The shakeups at Google continue.


A week after the tech giant reorganized its top management, Andy Rubin, Google’s head of robotics and former head of Android, has confirmed that he is stepping down from the company to launch a new incubator for hardware startups.


Rubin confirmed the news in The Wall Street Journal Friday, stating that he was leaving Google because he wanted to start something on his own. Rubin, who co-founded Android, joined Google in 2005 after the company acquired the mobile operating system, and he proceeded to run the Android division of the company until last year. That’s when he switched roles to head up Google’s robotics efforts, which included a slew of acquisitions.


Now, Rubin’s sudden departure is raising new questions about why he would leave the company so soon into his tenure as robotics chief. In an email to the Journal, Rubin insisted that his decision to leave Google had nothing to do with the company or its leader, Larry Page. “Larry enabled the robotic effort to run exactly the way I wanted it to, and we made great progress in our first year,” he wrote.

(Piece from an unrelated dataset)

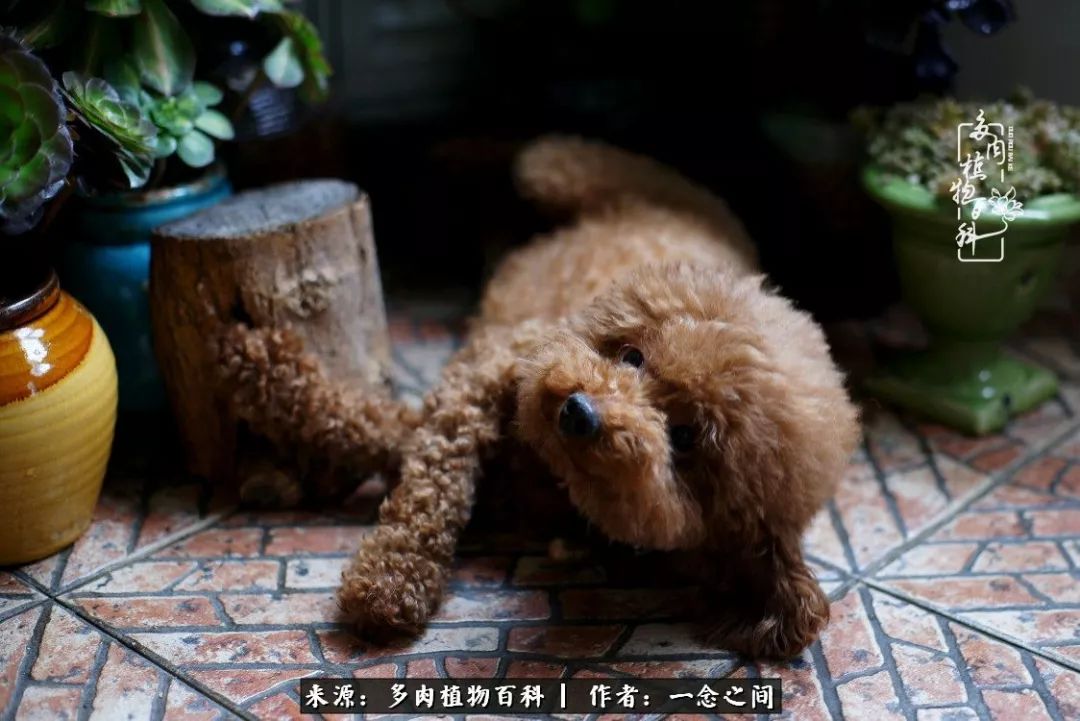 天敌Or天使：多肉与萌宠共处一室，究竟是谁的幸与不幸?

Still, Rubin’s departure does come at particularly coincidental time, as Google is currently going through a major leadership transition. Last week, Page alerted Google staffers that Sundar Pichai, who took over Android operations after Rubin, would now be leading all of Google’s core product operations.


According to Re/Code, which first reported the promotion, that puts Pichai in charge of research, search, maps, Google+, commerce, ad products and infrastructure, in addition to his existing duties as head of Android, Chrome, and Google Apps. In promoting Pichai, Page hopes to focus on Google’s so-called “moonshot” projects, like the self-driving car.


All this reorganization, however, raises some important questions about whether a company of Google’s substantial size and status can stay innovative, even as it grows. Can someone like Rubin, who started as an entrepreneur and had relatively free reign over Android in his early days at Google, really remain happy as the company becomes more hierarchical and regimented? And can Page really replicate the magic he had when Google’s business was narrowly focused on a few product categories, now that the company’s aspirations are so broad and far-reaching? Or will he have to continue to relinquish and let fresher minds take over? And if he does, how will that change Google’s overarching vision?


While the Journal’s sources say that Rubin’s decision to leave the company was partially due to these new constraints, Rubin, himself, said he “didn’t really have any issues with independence.”


With Rubin gone, James Kuffner, a research scientist at Google and former professor at the Robotics Institute at Carnegie Mellon University, will lead Google’s relatively new robotics team. Over the last year, under Rubin’s leadership, the team has acquired top robotics companies, including Boston Dynamics, Schaft, and Meka Robotics. Now, it’s up to Kuffner to lead Google’s robotics efforts into the future.